6. "A toast to Comrade Pim!" called a colleague dressed in blue jacket and grey cap. "Without him, we could never have discovered the magnificent copper seam!" "To Pim, the model worker!" came the cry from a dozen throats.
7. During last year's Asian Women's Film Festival, the North Korean films fascinated me. I was very interested in how the machinery of plot works when you remove all negativity. I was particularly interested in plots which worked to establish the self-effacing goodness of a character, then showed this character passing due respect on to someone even more benign, diligent, indigent and self-sacrificing. Insofar as conflict drove these plots, it was the conflict of two people insisting on each other's greater worthiness.
8. I demurred, smiling, and held up a hand for silence. "It is our collective diligence that has achieved this breakthrough," I said. "Who built the tunnels that I crawled along to make my lucky discovery?" Comrade Jun smiled and looked at the floor. "Who operated the lift that brought us to the place where fresh copper was just waiting to be discovered?" Comrade Bu grinned bashfully. "And who toiled at ground level in always-difficult circumstances, maintaining the camp in this inhospitable place?" Here Comrade Pi ruffled his own hair, as if in confusion.
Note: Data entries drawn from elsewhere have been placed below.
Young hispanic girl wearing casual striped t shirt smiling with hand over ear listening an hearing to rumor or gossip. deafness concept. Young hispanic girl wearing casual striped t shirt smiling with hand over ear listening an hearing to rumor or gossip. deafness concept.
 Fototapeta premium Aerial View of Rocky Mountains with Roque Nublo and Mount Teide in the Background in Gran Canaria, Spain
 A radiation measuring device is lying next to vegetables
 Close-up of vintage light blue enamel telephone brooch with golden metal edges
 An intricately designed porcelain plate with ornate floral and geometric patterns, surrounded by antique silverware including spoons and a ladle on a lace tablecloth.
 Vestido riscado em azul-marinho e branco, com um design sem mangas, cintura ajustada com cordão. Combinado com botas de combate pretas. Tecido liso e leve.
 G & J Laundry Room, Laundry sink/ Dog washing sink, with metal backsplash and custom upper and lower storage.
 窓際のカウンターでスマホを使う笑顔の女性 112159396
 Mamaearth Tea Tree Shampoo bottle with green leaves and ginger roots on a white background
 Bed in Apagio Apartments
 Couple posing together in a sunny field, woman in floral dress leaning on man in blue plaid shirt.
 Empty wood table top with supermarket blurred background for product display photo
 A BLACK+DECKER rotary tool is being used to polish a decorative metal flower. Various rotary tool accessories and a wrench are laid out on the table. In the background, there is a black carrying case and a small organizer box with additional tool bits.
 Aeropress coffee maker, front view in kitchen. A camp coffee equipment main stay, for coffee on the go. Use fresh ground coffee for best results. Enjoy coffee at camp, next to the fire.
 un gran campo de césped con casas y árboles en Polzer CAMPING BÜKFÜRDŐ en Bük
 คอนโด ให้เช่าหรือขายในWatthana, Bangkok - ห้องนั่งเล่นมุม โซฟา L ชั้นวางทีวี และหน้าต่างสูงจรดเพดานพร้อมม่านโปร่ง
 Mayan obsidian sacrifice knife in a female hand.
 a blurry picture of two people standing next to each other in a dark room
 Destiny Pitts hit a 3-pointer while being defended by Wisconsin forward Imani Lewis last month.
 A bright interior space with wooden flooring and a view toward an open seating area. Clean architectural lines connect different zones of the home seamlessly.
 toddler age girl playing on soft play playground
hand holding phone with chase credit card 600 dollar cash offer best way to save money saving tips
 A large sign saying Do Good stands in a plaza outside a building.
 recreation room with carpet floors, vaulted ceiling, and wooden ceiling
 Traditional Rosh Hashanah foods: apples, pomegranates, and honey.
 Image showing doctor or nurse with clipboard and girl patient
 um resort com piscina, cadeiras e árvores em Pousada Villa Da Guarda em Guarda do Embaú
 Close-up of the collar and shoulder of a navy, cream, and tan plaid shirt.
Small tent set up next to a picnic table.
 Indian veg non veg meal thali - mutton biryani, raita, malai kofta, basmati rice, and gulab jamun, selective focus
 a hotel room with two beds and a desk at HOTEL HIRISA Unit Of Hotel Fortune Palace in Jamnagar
9. In a way, altruistic virtue is our society's final taboo. I was interested to read an entry on my Friends List today entitled I am not the weirdo here. Lucy, who wrote this blog, reports that a friend criticized her recently, saying: "You're just too nice. You think people are essentially good and decent." Lucy went on to say she made no apology for being nice, or believing the best of people.
10. "Nevertheless," cried out the foreman, "this great achievement, which came at enormous physical cost to yourself, Comrade Pim, and in the face of great risk, will be reported to the chairman of the mining committee, and he will report it to the local party chief, who will in turn send an electric dispatch to Victory City, where word of this will surely reach the Dear Leader himself!"
11. I assembled a counter-argument in my mind, something I might tell Lucy. What if we weren't simply looking at the dimension of Good - Evil, but also of Boring - Interesting? Might goodness fall on the wrong side of that sometimes, the boring side? Had Lucy read Blake's hellish proverbs ("Energy is eternal delight!")? Had she read Sade's Justine? Or even seen Brecht's plays, with their message that niceness is a luxury most people cannot afford yet? What about TS Eliot's Murder in the Cathedral, with its very Christian awareness of the temptations of martyrdom and sainthood, its caution about spiritual pride?
12. It's not nice to hate, but what if the nice hate the interesting for not being nice enough, and the interesting hate the nice for being boring?
13. Adam Curtis, in his Century of the Self, showed how Cold War games played at the Rand Corporation fed into a Cold War mindset (you can see it in James Bond, The Man from UNCLE, and a thousand other places) of slick mistrust based on the calculability of mutually-assured destruction. He showed that the most dangerous thing, in the eyes of the architects of post-war paranoia, was the altruistic public servant, someone motivated by something other than self-interest. Altruism actually fucks up the economic self-interest and gamesmanship models by making individuals act on the behalf of others.
14. And all glasses were raised to the framed, faded photograph of the Dear Leader, whose eyes seemed to twinkle, now orange, now blue, in the light of the kerosene stove.
15. I'm interested in the challenge of writing (of me writing!) about "old-fashioned" values like altruism, diligence, honour, responsibility, virtue, trustworthiness and empathy. But a devil on my shoulder whispers: "And what if virtue is simply the behaviour -- a sort of non-behaviour -- of those who lack the imagination or the courage to get into trouble? What if nice people are simply too wishy-washy, cautious and conformist to be assholes?"